In-N-Out has roadside stores in California, Nevada, and Arizona. It’s probably the single best thing about the west coast. It offers three burgers—a hamburger, a cheeseburger, and a double-double (two patties, two slices of cheese). There’s no mystery to those burgers’ superiority, no secret sauces. The ingredients aren’t frozen, the fries are cut and the beef is ground on the premises, and the burgers are cooked to order. I’m a fan of the double-double, and not just for quantity’s sake: the fresh lettuce, tomato, and onion on the burgers are not the tasteless space-fillers you find on a Whopper, and they want another slab of meaty meat to balance their crisp tang.
The thing to order, weirdly, isn’t even on the menu. If you tell an In-N-Out counterperson that you’d like your burger “animal style”—a term that appears nowhere in the chain’s official literature or signage—your burger is cooked in mustard for more flavor and comes with pickles, grilled onions, and extra Thousand Island-type sauce. Without the extra sauce, the burger is maybe a tiny bit dry. With it, it’s as close to perfect as fast food gets.

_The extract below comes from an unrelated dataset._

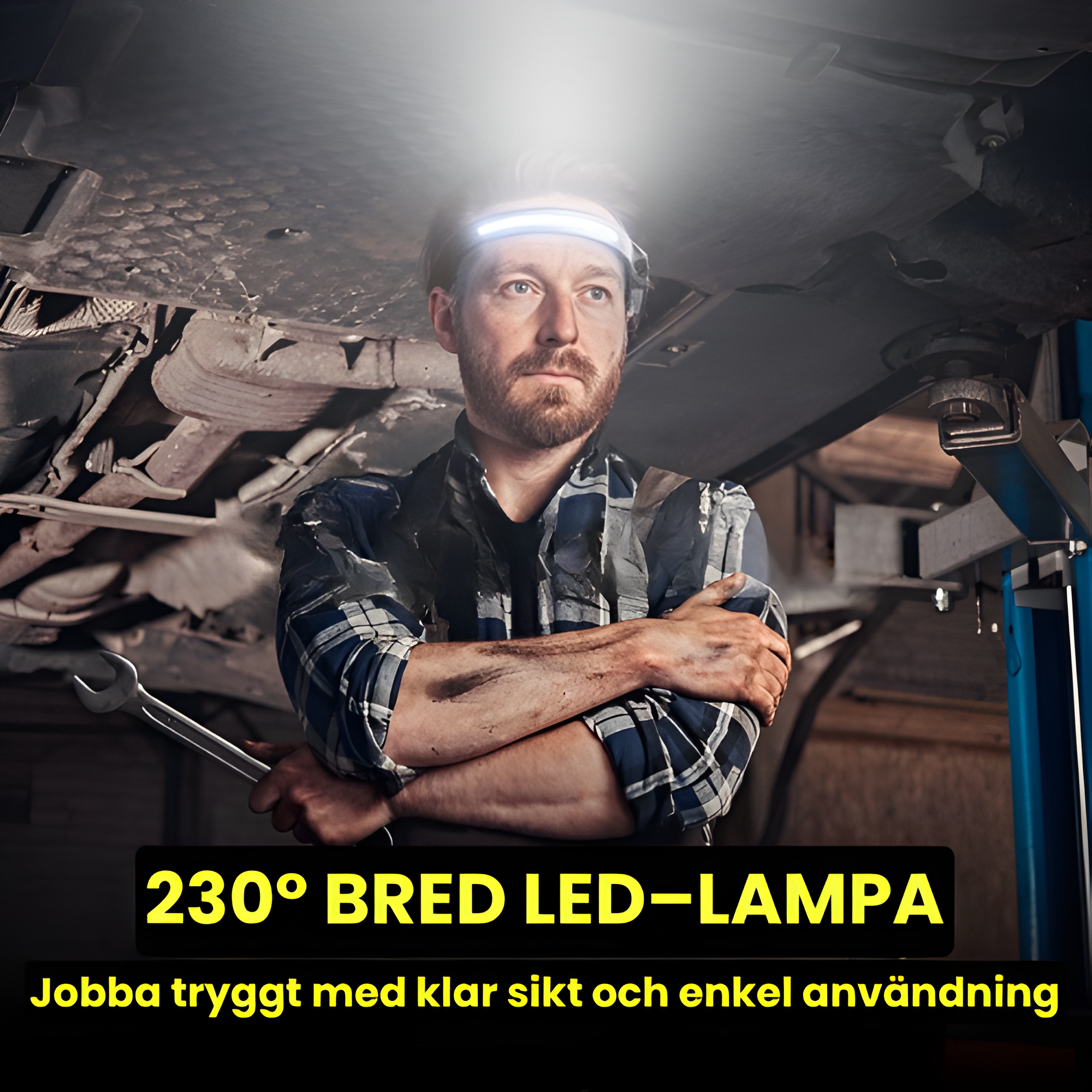 ScandicBeam™ - Se klart under höstens mörker!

“Animal style” is part of the so-called secret menu, a litany of items passed along among In-N-Out customers by word of mouth. It’s a gimmick, of course: some marketing consultant probably invented it to encourage “a deeper customer relationship with the brand” or something. But as business strategies go, it’s more likable, more subtle, more beautiful (if the word can be applied to a marketing ploy) than the alternative (compensate for crummy burgers with mendacious advertising and leviathan portions of fries).
In-N-Out is a true chain, not a franchise—all the stores are owned by the founders, the Snyder family, who so far refuse to expand nationwide despite what must be some very lucrative offers, and who print little Bible-verse citations on the cups and wrappers. They’re clearly big on quality control. One of my culinary heuristics is “Trust any taqueria with ‘#2’ or ‘#3’ in the title”: those numbers connote family-owned restaurants that are good enough to have expanded but not so big that no one involved gives a fuck anymore. In-N-Out has close to 150 stores, but so far someone still gives a fuck.
The only In-N-Out Burger in San Francisco is in Fisherman’s Wharf, which isn’t really in San Francisco at all. But there’s another in Daly City, just off 280, near the DMV, across (and this is key) across the parking lot from a Krispy Kreme.
Krispy Kreme is the other big example of the Good Chain; like In-N-Out, it turns almost everyone who tries one into a near-fanatical partisan. Krispy Kreme fans typically have a conversion narrative: wandering in the wilderness (“I don’t particularly like donuts”); meeting an apostle (“Trust me—these are unlike any donuts you’ve had before”); revelation (“You’re right, they transcend the category of donuts: they’re softer, moister, the warm, pillowy body melting into sweet aromatic goo, the thick sugar glaze dissolving like cotton candy, the torus in my hand subliming in my mouth into a substance that’s more a warm syrup than a mere variant of cake”).
Here the product to buy is front and center: the original glazed. I incline toward the chocolate option in almost any circumstance, but trust me on this: you want the original glazed. It’s worth waiting around for a batch of hot ones. Krispy Kreme stores have the mass-production equivalent of an open kitchen: you get to watch the rings of batter be mechanically dunked in oil and flipped out again, then glazed and dried and cooled. It’s fun to watch, in the way that industrial processes involving a conveyor belt always are: endless reproduction; infinite replenishment; all these identical objects being born, new and perfect.